BACKGROUND: Oral anticoagulation (OAC) therapy is associated with increased periprocedural risks after cardiac implantable electronic device (CIED) implantation. Patterns of anticoagulation management involving non–vitamin K antagonist oral anticoagulants (NOACs) have not been characterized.
HYPOTHESIS: Anticoagulation strategies and outcomes differ by anticoagulant type in patients undergoing CIED implantation.
METHODS: Using the nationwide Outcomes Registry for Better Informed Treatment of Atrial Fibrillation, we assessed how atrial fibrillation (AF) patients undergoing CIED implantation were cared for and their subsequent outcomes. Outcomes were compared by oral anticoagulant therapy (none, warfarin, or NOAC) as well as by anticoagulation interruption status.
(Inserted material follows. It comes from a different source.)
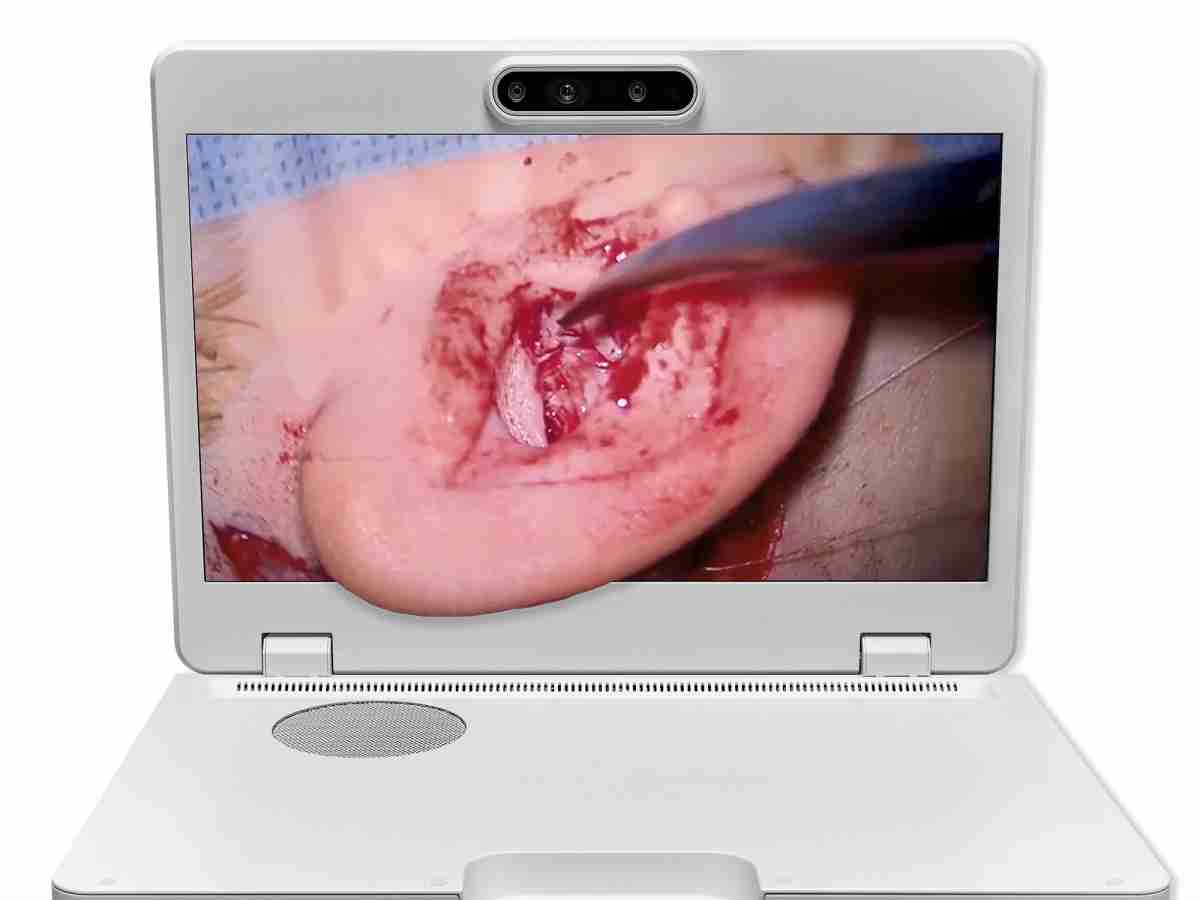 达擎之＂Heads-up 3D显微手术显示系统＂，，，整合4K裸眼3D显示及眼球追踪系统，，具备快速追踪人眼移动位置功能，，，减轻医师长时间维持固定姿势的负担，，，，让医师能有更宽广清晰的3D立体视野及更舒适的姿势来执行手术。。。。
RESULTS: Among 9129 AF patients, 416 (5%) underwent CIED implantation during a median follow-up of 30 months (interquartile range, 24–36). Of these, 60 (14%) had implantation on a NOAC. Relative to warfarin therapy, those on a NOAC were younger (70.5 years [range, 65–77.5 years] vs 77 years [range, 70–82 years]), had less valvular heart disease (15.0% vs 31.3%), higher creatinine clearance (67.3 [range, 59.7–99.0] vs 65.8 [range, 50.0–91.6]), were more likely to have persistent AF (26.7% vs 22.9%), and use concomitant aspirin (51.7% vs 35.2%). OAC therapy was commonly interrupted for CIED in 64% (n = 183 of 284) of warfarin patients and 65% (n = 39 of 60) of NOAC patients. Many interrupted patients received intravenous bridging anticoagulation: 33/183 (18%) interrupted warfarin and 4/39 (10%) interrupted NOAC patients. Thirty-day periprocedure bleeding and stroke adverse events were infrequent.
CONCLUSION: Management of anticoagulation among AF patients undergoing CIED implantation is highly variable, with OAC being interrupted in more than half of both warfarin- and NOAC-treated patients. Bleeding and stroke events were infrequent in both warfarin and NOAC-treated patients.